For more details about Biodiverse, see http://shawnlaffan.github.io/biodiverse/  

For a list of some of the analyses Biodiverse has been used for, see https://biogeospatial.github.io/biodiverse-publication-list/ 

You can also join the Biodiverse-users mailing list at https://groups.google.com/group/Biodiverse-users or start a discussion at https://github.com/shawnlaffan/biodiverse/discussions 


Range polygons

Biodiverse version 6 contains new spatial conditions and visualisation options to work with polygons of label and tree node ranges.  

Three polygon types are supported, convex hulls, concave hulls and circumcircles.  Convex hulls and circumcircles are best avoided when modelling geographic ranges given they are sensitive to outliers, do not model arcuate shapes such as ranges that follow coastlines, and in the circumcircle case are gross generalisations.  They are also not constrained by other factors, so a terrestrial taxon range can easily span oceans.
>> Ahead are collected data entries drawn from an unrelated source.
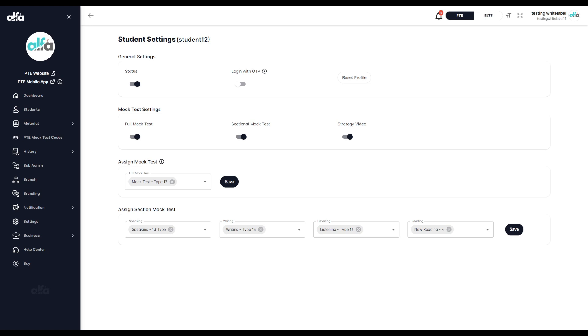This feature gives you complete flexibility to decide which tests each student can access, helping you design a more personalized and controlled practice experience.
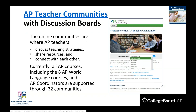AP teacher communities with discussion boards are also available from College Board. These online communities are where AP teachers discuss teaching strategies, share resources, and connect with each other. Currently all AP courses have a teacher community, including our eight AP world language courses. These communities also support AP coordinators. There are 32 different AP teacher communities with discussion boards total, with a screenshot on the right-hand side showing what that landing page looks like.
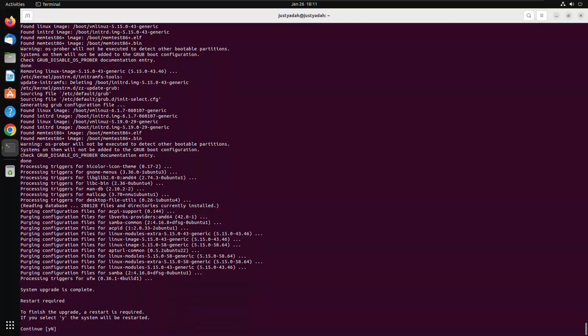And here it says to finish the upgrade, a restart is required, and we have to type Y and press enter for the computer to restart.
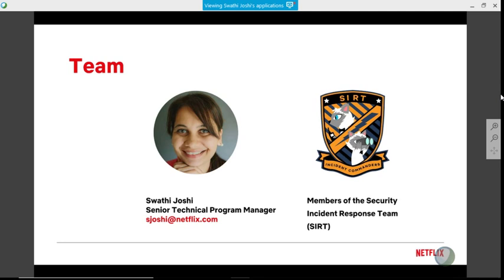About me — I'm Swathi Joshi. I'm currently Senior Technical Program Manager with the Netflix Security Incident Response Team, which focuses on cybersecurity issues involving Netflix. We are part of a larger product organization under information security. We have two more functions that are part of our team: detection engineering and threat intelligence. All three focus areas — detection engineering, threat intelligence, and the security incident response team — make up our larger organization called DNR, Detection and Response.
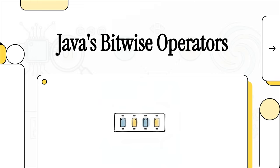Hey everyone and welcome. Have you ever wondered what's really happening deep inside your computer's processor? Well, today we're going to pop the hood on Java and look at something called Bitwise Operators. These are the tools that let us speak the computer's native language directly. It's going to be a lot of fun.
However, they do represent useful models of regions that can be used in randomisations to define things such as the set of locations with which to swap labels, or to define dispersal extents in spatially constrained randomisations.  

When used as a spatial condition, the range polygons can be applied either for a single label at a time, for the labels subtending a tree node, or for all labels in a groups' assemblage.  In each of the latter two aggregate cases, the system uses the union of the component polygons rather than the polygons spanning the component groups.  This produces multipart polygons that allow for gaps in the distributions, for example an internal node in a tree might have some tips on one side of a continent, and others on the opposite side.  Or even across continents.  
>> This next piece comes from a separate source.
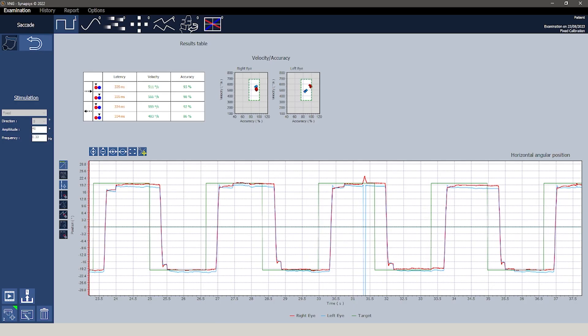The upper section displays an accurate results table which presents data according to direction and gaze analyzed. Parameters such as latency, speed and accuracy are examined in depth.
The spatial conditions also support arguments for the concave hulls to allow holes and to define the degree of concavity (a value of 1 matches the convex hull, 0 is maximum concavity).  

Pictures are better than text, so here are some examples of the visualisations.  The first few screen shots below are for the Labels tab but they also apply to Spatial Outputs. 
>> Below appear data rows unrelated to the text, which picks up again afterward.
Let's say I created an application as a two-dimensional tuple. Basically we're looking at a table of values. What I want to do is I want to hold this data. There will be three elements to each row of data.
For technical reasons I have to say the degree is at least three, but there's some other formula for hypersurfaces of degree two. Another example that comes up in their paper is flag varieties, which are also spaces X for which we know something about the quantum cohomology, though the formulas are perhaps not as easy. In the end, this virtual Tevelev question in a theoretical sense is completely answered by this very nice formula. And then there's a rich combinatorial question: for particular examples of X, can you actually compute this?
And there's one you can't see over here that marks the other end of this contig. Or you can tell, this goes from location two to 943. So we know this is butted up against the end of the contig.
Assemblage range polygons can be added via the Map menu. 


Tree range polygons are added through the Tree menu.  


Check the boxes to select which ones you want.  You can also set the map or tree highlights to be the same, and set the values to match the other highlighting.  This save a few mouse clicks and windows.  

Now when you hover on a cell, the selected polygons are shown.  In this case it is the circumcircle and convex hull for each label in a group in the south west of Western Australia.



And for contrast, here are the circumcircle and convex hull unions for the same assemblage.  (It also shows why one should be cautious about using concave hulls to model taxon ranges).  

The same process applies to tree nodes (branches) when they are hovered over.  


The polygons for an ancestral branch of the previous plot.  



And the convex hulls.  The shapes can get pretty weird, which is why one would normally use a concavity parameter greater than zero.  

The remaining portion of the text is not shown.